The BELL ALIANT 6.17% 26FB37 bond is callable and as stated in its prospectus, _“redeemable at the option of the Partnership at any time and from time to time, in whole or in part upon not more than 30 days’ and not less than 10 days’ prior notice at the greater of the Canada Yield Price and their principal amount, together in each case with accrued and unpaid interest to the date fixed for redemption.” _

I have held other callable bonds and they were called. I recall owning a callable RBC bond I bought in 2004 that was to expire in 2014. To my disappointment, it was called in 2009. 

I am now faced with sell and run with $4000 in capital gains or sit and wait for $863 per year in interest payments. If the bond is never called and matures in 2037, I have a chance of making approximately $19,000 in interest and $1250 in capital gains. 

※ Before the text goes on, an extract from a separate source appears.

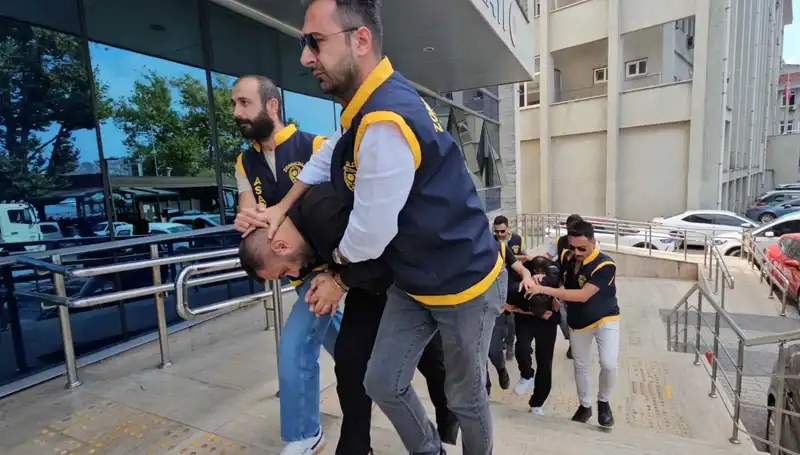 FETÖ Yalanıyla Milyonlarca Lira Vurgun: Camiada Şok Gelişmeler!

I am leaning towards selling … but … maybe I am missing something. I have read the prospectus over and over and went online for an explanation of what it means. I have to admit, I don’t fully understand what I am reading. :frown:

Comments from anyone out there with the same opinion or a different opinion and why would be appreciated.


----------



## Nemo2 (Mar 1, 2012)

nortel'd said:


> I have read the prospectus over and over and went online for an explanation of what it means. I have to admit, I don’t fully understand what I am reading.


Well, that's two of us........figure that one thing's a given though......if rates go lower and they can sell bonds with less of a return to the buyer, they'll call them.....and if rates rise substantially they'll 'never' be called.


----------



## RBull (Jan 20, 2013)

nortel'd said:


> Did as you suggested RBull and received the following email ….
> _Good afternoon! Thank you for your email. Please note that all the Bell Aliant bonds will remain outstanding bearing the same characteristics. Regards, Lyne Roy, Manager, Investor Relations, BCE Inc.
> _
> With that settled, here is my concern…
> ...


Good job on the contact with BCE. I can understand your dilemma and currently have one callable bond myself. However I keep bonds in registered accounts and capital gains is not a factor. 

Have you compared BCE bond offerings to see the rating difference and rates? Have you considered rates may well be headed up, which would also influence the reason to call or likely NOT, just as nemo2 said. I'm the same on the prospectus thing.....


----------